Monday, June 3, 2013

Kid Talk

We have a strange way of naming things in the English language. Some of our terms make perfect sense while others can leave you scratching your head if you really think about the words. Take the term "lickity-split," for example. If you go lickity-split, do you really have to use your tongue? Or do you have to cut something in half? Neither, really. It just means to go quickly, but it doesn't make any sense if you stop and think about the words. 

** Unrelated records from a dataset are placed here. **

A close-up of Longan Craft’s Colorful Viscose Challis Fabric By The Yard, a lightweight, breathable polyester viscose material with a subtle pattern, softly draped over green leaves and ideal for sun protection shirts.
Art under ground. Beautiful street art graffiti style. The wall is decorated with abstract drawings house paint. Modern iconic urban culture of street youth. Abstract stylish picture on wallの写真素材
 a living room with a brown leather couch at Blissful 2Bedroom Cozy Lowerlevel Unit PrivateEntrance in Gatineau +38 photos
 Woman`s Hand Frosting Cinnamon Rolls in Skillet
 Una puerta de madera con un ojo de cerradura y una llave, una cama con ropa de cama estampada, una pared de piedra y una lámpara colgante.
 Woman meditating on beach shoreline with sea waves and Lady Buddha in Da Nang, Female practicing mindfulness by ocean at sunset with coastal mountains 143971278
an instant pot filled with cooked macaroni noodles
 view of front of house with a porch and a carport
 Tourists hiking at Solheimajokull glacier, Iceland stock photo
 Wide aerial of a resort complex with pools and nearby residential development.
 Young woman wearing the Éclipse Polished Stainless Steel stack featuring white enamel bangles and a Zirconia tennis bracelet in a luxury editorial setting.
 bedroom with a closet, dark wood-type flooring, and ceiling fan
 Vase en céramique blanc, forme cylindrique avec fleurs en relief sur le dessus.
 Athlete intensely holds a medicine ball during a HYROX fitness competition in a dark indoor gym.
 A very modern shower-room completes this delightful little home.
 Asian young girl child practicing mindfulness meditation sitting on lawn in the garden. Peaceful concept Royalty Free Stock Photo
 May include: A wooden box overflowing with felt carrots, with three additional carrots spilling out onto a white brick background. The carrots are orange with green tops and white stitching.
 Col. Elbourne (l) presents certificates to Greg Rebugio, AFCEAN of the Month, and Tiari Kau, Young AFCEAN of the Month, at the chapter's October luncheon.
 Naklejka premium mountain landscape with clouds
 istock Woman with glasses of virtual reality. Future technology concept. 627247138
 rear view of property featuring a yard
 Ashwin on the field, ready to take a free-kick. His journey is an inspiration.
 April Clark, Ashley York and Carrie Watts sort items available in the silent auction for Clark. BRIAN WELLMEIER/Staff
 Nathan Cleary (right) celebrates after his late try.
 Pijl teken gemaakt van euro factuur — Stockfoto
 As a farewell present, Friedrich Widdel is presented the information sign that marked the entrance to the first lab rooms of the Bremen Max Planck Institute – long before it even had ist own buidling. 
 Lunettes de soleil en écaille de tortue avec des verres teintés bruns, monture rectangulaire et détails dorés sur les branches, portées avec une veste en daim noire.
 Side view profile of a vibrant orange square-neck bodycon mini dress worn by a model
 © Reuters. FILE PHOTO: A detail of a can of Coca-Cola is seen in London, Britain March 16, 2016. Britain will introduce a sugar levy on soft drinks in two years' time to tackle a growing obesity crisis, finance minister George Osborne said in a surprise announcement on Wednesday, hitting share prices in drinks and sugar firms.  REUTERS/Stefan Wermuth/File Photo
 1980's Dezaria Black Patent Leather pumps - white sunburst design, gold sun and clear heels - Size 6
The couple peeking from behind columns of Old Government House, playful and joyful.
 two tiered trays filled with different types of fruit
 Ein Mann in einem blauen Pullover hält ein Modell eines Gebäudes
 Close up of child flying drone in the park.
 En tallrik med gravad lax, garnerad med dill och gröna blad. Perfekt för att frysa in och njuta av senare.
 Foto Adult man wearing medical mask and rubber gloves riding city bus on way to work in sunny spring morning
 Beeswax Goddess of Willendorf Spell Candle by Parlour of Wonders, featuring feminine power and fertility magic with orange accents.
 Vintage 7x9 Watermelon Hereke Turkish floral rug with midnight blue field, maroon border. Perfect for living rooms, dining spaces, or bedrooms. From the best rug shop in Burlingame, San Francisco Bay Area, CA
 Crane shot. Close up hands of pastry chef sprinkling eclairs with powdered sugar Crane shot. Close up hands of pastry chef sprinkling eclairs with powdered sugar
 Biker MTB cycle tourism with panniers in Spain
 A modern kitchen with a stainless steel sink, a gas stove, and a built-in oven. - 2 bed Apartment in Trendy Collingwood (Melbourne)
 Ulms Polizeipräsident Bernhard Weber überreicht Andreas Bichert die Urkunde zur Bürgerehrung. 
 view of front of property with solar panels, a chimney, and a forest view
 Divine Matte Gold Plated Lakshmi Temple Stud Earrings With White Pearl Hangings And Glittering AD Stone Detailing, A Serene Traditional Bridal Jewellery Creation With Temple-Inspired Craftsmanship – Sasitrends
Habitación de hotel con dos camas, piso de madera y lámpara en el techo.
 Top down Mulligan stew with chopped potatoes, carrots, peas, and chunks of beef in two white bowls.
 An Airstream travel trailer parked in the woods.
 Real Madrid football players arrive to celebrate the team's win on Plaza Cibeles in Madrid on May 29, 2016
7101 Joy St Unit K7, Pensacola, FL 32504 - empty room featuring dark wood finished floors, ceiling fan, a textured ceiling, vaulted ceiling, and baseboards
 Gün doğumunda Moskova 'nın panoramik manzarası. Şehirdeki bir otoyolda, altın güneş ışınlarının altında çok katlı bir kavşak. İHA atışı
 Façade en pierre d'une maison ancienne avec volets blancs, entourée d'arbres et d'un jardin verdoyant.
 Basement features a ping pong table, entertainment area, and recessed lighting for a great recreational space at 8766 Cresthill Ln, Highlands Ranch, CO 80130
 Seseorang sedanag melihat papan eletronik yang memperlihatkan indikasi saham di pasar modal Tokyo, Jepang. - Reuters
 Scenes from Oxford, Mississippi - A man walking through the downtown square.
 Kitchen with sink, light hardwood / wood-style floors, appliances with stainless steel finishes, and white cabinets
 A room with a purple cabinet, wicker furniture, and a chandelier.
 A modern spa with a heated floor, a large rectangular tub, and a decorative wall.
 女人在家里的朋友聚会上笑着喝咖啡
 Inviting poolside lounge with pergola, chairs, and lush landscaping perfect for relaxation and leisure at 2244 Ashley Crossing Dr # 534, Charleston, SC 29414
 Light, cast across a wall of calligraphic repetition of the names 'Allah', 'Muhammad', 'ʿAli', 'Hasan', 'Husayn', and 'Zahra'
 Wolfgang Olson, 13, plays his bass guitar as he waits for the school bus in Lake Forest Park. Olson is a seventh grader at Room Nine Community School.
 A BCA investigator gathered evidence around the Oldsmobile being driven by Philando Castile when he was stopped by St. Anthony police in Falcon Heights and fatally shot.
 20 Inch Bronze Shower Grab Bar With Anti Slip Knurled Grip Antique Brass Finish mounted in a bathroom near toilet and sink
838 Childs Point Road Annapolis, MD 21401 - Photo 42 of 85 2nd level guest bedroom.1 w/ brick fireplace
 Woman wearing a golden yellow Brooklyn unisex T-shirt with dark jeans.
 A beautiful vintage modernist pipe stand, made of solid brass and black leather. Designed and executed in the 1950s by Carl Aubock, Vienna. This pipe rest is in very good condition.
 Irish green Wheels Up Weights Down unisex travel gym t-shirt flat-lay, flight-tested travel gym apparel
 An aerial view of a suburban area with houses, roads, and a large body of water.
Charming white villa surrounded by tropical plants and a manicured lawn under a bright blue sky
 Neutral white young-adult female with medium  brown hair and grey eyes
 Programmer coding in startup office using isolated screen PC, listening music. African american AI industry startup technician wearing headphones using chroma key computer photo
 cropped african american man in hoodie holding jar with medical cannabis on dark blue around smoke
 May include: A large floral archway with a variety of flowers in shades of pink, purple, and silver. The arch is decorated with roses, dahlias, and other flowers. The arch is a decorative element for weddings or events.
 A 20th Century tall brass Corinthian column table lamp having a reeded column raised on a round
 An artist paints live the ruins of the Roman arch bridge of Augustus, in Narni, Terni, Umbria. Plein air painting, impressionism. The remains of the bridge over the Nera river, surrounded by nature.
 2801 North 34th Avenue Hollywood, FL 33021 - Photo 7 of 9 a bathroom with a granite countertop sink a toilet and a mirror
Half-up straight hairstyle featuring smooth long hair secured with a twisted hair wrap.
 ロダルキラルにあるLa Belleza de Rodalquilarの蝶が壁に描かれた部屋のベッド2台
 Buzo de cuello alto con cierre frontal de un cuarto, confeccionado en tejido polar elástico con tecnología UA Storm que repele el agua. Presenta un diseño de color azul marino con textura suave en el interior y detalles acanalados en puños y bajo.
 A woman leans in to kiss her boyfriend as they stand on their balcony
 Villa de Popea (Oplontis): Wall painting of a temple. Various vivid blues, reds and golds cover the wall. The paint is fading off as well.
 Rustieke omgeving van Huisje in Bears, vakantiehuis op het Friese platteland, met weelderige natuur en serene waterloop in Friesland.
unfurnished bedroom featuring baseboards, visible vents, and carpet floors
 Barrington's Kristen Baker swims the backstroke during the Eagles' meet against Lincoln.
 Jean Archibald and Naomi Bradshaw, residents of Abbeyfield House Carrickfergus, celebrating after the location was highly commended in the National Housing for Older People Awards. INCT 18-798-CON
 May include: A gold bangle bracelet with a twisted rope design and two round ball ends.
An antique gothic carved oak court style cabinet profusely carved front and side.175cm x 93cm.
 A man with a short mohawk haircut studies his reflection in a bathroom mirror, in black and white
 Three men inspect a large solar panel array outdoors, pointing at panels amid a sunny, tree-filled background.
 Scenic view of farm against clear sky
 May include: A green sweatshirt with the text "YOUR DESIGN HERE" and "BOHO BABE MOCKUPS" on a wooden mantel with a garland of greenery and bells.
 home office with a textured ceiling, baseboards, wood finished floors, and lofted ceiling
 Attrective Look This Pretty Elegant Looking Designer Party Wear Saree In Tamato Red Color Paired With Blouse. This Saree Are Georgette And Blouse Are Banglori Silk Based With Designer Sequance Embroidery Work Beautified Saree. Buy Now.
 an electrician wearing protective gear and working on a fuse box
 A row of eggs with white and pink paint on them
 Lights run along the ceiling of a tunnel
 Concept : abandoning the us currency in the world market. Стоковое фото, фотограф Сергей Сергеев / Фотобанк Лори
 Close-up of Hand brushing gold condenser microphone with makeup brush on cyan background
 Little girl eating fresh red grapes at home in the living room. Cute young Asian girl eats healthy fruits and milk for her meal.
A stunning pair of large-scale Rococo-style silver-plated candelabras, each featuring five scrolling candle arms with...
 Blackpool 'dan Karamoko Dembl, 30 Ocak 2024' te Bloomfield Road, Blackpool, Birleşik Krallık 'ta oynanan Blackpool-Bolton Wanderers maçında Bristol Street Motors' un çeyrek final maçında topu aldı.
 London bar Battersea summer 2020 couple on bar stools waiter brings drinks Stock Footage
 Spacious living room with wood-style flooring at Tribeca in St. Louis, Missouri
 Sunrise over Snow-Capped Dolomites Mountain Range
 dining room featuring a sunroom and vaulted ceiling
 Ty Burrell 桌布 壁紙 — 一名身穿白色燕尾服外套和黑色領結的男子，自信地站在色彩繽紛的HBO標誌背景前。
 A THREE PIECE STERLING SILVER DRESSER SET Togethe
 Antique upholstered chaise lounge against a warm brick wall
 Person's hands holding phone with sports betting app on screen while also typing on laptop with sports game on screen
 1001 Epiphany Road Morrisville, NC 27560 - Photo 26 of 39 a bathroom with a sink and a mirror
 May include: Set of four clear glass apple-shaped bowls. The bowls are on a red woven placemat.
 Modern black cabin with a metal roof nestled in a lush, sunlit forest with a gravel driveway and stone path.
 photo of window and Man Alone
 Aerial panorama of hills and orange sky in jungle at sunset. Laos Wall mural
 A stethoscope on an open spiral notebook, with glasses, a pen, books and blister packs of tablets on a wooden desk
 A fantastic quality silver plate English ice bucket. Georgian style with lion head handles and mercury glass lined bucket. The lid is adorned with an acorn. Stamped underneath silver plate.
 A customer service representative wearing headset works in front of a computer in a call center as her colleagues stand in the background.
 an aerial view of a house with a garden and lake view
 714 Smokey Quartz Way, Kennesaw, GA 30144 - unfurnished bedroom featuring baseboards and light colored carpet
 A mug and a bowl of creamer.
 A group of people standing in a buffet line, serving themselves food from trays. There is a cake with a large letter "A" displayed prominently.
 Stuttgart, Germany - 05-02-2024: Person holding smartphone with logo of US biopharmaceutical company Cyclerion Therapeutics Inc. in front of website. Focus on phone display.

So, if lickity-split means to go fast, how would you say to go slow? What's the natural opposite of lickity? If you lick ice cream, you have to do it fast before it melts, but you want to chew your steak carefully and slowly. Does that mean the opposite of lick is chew? If that's the case then "chewity-fix" is probably the opposite of "lickity-split." Not so. The really opposite of lickity-split is actually lollygag. Don't even get me started on that one. 

It's no wonder, then, that kids get confused by this crazy language from time to time. I could see the confusion on my daughter's face the other night at dinner. She has the world's best quizzical look when she is pondering something confusing, so you know you're about to get a doozy of a question when the look appears. The other night she raised the left side of her mouth, squinted her eye, wrinkled her nose and randomly asked, "Why don't parents who are brother and sister just call the other kids 'kid-in-law?'" 

It took me a second to digest the question, especially since there was no context for it in our conversation, but what she was really asking is "Why don't you call your brother-in-law's kids your kids-in-law?"  It was a really good question if you stop and think about it. The term kid-in-law is all-inclusive of nieces and nephews. Instead of me having to say that I have 17 nieces and nephews, I could simply say I have 17 kids-in-law. (This could come in really handy when you're typing and you spell niece wrong every time anyway.) 

With our family getting so large, its getting harder and harder to keep track of everyone anyway, and I'm all for finding ways to simplify family connections. So if any of my kids-in-law are reading this, keep in mind that someday when you glance through the online dictionary using your Google glasses and stumble across the word kid-in-law, you are the the reason a new phrase has entered the English language.